§ What the task asks: Write out only the opening lines of the entries, through the line with "X0000085301152200703091426".

§ Supplied material:
----

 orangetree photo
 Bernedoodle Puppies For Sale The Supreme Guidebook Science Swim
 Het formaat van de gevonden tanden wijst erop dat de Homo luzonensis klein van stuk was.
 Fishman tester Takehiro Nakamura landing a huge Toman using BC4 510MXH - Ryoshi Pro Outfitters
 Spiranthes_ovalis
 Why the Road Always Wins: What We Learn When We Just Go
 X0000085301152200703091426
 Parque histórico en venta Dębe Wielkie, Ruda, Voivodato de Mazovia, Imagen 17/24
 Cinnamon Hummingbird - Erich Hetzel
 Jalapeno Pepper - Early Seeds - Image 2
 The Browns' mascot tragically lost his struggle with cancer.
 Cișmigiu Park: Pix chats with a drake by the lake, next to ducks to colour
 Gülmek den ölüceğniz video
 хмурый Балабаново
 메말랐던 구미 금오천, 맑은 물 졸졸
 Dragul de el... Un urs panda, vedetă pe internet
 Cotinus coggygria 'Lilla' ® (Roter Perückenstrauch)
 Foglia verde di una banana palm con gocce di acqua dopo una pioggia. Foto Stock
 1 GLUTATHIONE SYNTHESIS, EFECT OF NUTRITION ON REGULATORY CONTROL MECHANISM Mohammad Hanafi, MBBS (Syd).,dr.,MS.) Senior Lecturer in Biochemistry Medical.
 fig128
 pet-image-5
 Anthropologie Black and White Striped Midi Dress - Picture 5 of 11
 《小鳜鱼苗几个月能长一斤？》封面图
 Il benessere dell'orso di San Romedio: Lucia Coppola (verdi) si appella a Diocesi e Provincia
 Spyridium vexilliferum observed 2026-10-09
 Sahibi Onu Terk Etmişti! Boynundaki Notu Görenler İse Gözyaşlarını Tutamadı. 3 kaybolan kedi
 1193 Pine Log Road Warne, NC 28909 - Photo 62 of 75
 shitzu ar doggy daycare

----

§ Expected output:
 orangetree photo
 Bernedoodle Puppies For Sale The Supreme Guidebook Science Swim
 Het formaat van de gevonden tanden wijst erop dat de Homo luzonensis klein van stuk was.
 Fishman tester Takehiro Nakamura landing a huge Toman using BC4 510MXH - Ryoshi Pro Outfitters
 Spiranthes_ovalis
 Why the Road Always Wins: What We Learn When We Just Go
 X0000085301152200703091426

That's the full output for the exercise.